Tommy John #25 of the New York Yankees poses for this portrait prior to the start of a MLB game circa 1987 at Yankee Stadium in the Bronx. John played for the Yankees from 1979-82 and 1986-89. (Photo by Focus on Sport/Getty Images)
Youth league players imitate the MLB players. A friend of mine was talking to a top level high school coach recently who said this was one of the most difficult years to coach in his career, saying it was a “miserable experience.’’

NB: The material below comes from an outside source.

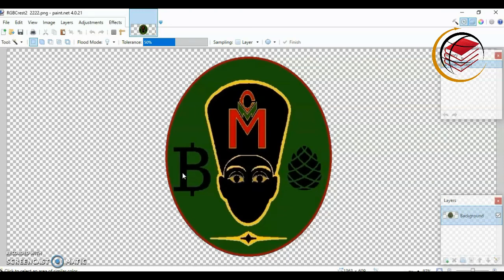If you enjoyed this video, click on the thumbs up button, leave a comment for me, and subscribe to my channel if you haven't done so already. Don't forget to click on the bell next to the subscribe button — in doing so, you get a notification each time I put out a new video. Thanks so much for watching. Take care, bye-bye.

The high school coach went on to say, “These kids don’t listen to anything, they all go to these hitting people. I have kids who are 5-6, 140 pounds that think they can hit home runs by swinging uphill. They make no adjustments, the pitchers just go out and throw as hard as they can, their deliveries are horrible. The game is so broken it’s unbelievable.’’
Sounds like the major league and minor league game these days.
Having said all this, there is one team I want to praise, a team I identified before the season as one to watch because they were staffing the team with bright, veteran baseball men to go along with analytics. That is the Texas Rangers, under manager Bruce Bochy.
Real managers make a difference.
The Rays, a franchise that relies on player development, has taken the American League by storm so far – but as of Wednesday, the Rangers were only four victories behind the Rays. The Rangers lead the AL West and the defending World Champion Astros, led by another wise veteran manager in Dusty Baker. Should be quite a race. Both managers are destined to be in the Hall of Fame and Bochy was inspired by the job that Baker did and decided to come back and manage. Credit to Rangers GM Chris Young, a former pitcher, and the Rangers are doing all this without Jacob deGrom, who is out for the year with more elbow issues. DeGrom might want to put in a call to Tommy John and try not to throw every fastball at 100 mph and try not to throw sliders that are 95 mph and try to get those mechanics cleaned up.
Bruce Bochy #15 of the Texas Rangers addresses the media before a baseball game against the Baltimore Orioles at Oriole Park at Camden Yards on May 27, 2023 in Baltimore, Maryland. (Photo by Mitchell Layton/Getty Images)
The Rangers have a baseball-oriented leadership group. In a copycat league, more teams should hire baseball people. I know that’s a radical thought; why hire a baseball lifer when you can get a young numbers whiz who might have been the statistician of his Ivy League baseball team?
“Bochy, Chris Young, (pitching coach) Mike Maddux, bringing Dayton Moore in,’’ the evaluator said. “You know, you make better decisions with baseball people.’’
That’s a great line, but that’s how crazy MLB has become.
“You make better decisions with baseball people.’’
Our man then expanded on that thought. (Try to follow along, Nerds.)
“When you actually have a gut for the game and you watch the game, you make good decisions,’’ he said.
Bruce Bochy makes good decisions.
That’s how you stop the landslide. And Bochy has the rings to prove it.